Yup! That's why I shared "Rich's" information. I'm sure I'm not the first guy he's called and I'm also sure I won't be the last.


----------



## Printor (Apr 16, 2015)

PhoenixGrafx said:


> Yup! That's why I shared "Rich's" information. I'm sure I'm not the first guy he's called and I'm also sure I won't be the last.


 What has happened since the $12,000 cleared? what did he ask you to do?


----------



## Ripcord (Sep 2, 2006)

It would be fun to do some kind of a sting on some of these guys. Apparently they contact all of us and although it seems amusing, they want nothing more than to take money from us that they don't deserve. Rather offensive.


----------



## Hotpuppy (Sep 21, 2016)

Ultimately, the problem with this is you get pinged for having touched a bad sale. Your bank will drop you if you have too many of these. 

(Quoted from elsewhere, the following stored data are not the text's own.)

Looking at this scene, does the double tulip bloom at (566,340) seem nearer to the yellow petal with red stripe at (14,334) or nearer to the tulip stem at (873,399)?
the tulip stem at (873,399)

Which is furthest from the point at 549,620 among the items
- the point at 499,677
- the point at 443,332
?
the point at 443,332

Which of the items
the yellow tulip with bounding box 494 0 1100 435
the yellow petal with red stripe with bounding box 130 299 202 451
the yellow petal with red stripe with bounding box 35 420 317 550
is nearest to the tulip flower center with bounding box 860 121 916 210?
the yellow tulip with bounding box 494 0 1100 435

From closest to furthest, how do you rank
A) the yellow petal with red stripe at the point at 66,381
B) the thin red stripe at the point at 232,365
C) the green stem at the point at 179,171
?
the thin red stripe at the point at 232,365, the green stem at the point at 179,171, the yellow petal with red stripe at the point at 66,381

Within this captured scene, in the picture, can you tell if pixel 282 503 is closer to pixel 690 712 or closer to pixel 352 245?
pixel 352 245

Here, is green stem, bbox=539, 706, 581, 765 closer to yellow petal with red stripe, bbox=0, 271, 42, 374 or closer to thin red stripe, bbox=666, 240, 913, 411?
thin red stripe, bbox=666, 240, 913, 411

You can also ask for a copy of the front and back of the card and a government issued ID. That will usually get rid of the scammers.

With the back or the card you can call the issuing bank and ask them to verify cardholder participation. Just explain that it is an unusual order for your business and you would like to make sure that it is not fraudulent. Most banks will play along and call the customer and see if they authorized the charge.

I always insist on being able to get a CID and AVS match when I run a card for a MOTO. (Mail or Telelphone order)


----------